Monday, August 1, 2011

OpenMP – Overview and Update – what about MPI?

The OpenMP standard specification started in the spring of 1997, led by the OpenMP Architecture Review Board (ARB) which included: Compaq / Digital, Hewlett-Packard, Intel, IBM, Kuck & Associates, SGI, Sun, and the U.S. Department of Energy ASCI program. OpenMP is an API (Application Program Interface) which provides a model for developers of shared memory parallel applications. The API supports C/C++ and Fortran on multiple architectures and includes various constructs and directives for specifying parallel regions, work sharing, synchronization and data environment.

OpenMP is basically an implementation of multithreading, using the concept of share memory on a single machine (server for example). In a large cluster environment, one option is to use OpenMP within the node for the intra-node communications (communications between processes on the same server) and MPI for the inter-node communications (communications between processes on remote servers).

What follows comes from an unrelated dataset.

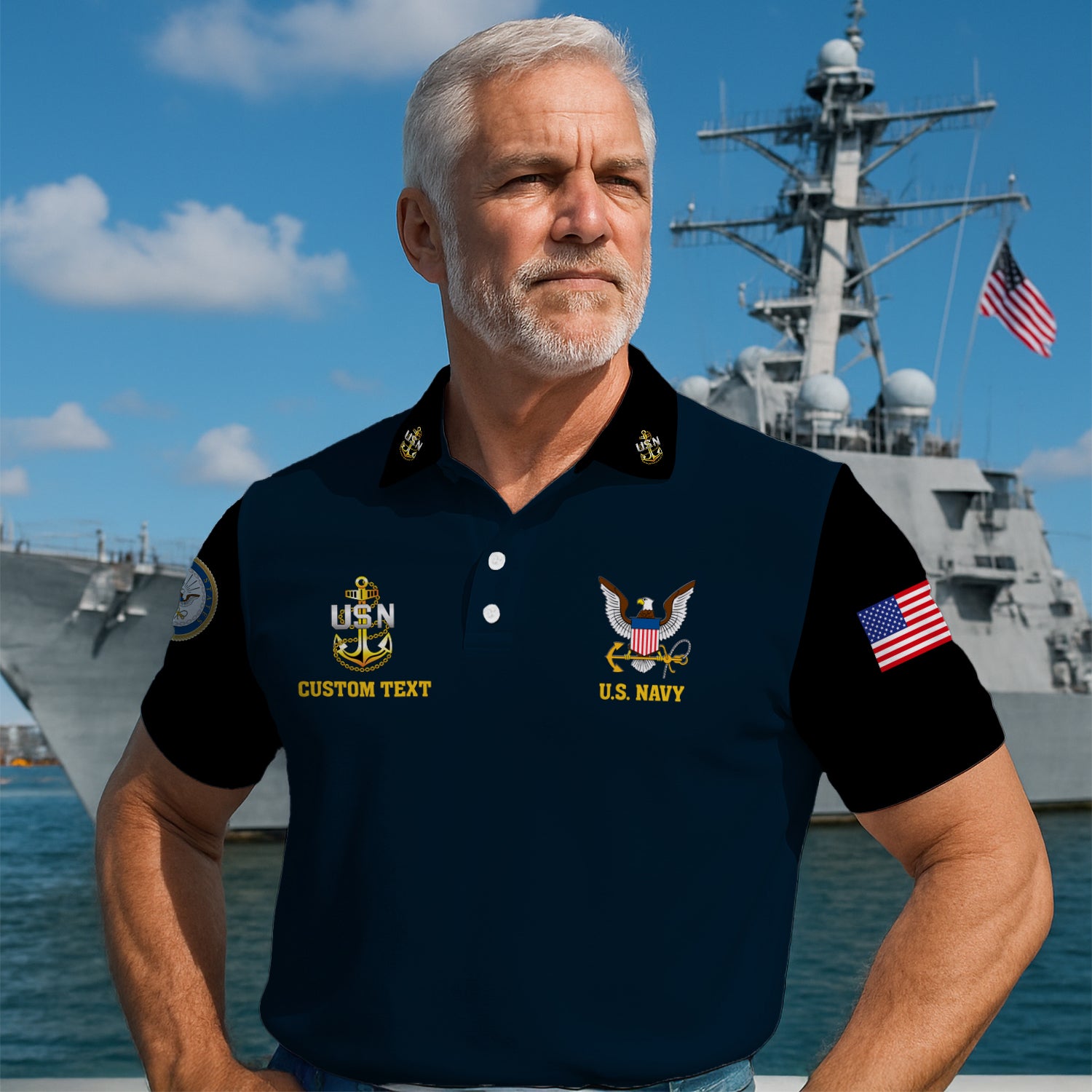 US Navy Polo Shirt – Custom Rank & Text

You can also chose the approach of MPI everywhere – using MPI for intra and inter node communications. I have yet to see a clear direction on which is better for intra node communications – OpenMP or MPI. Sometimes OpenMP is better, sometime MPI is on the lead. There are various publications out there that explored the performance differences for specific cases. I typically use MPI everywhere, but some of my colleagues prefer to use OpenMP in the box.

Last month the OpenMP Architecture Review Board announces the release of version 3.1 of the OpenMP specification. The new release includes several new features: addition of predefined min and max reduction operators for C and C++, extensions to the atomic construct, extensions to bind threads to a processor and optimization to the OpenMP tasking model. The complete 3.1 specification can be downloaded from the OpenMP.org.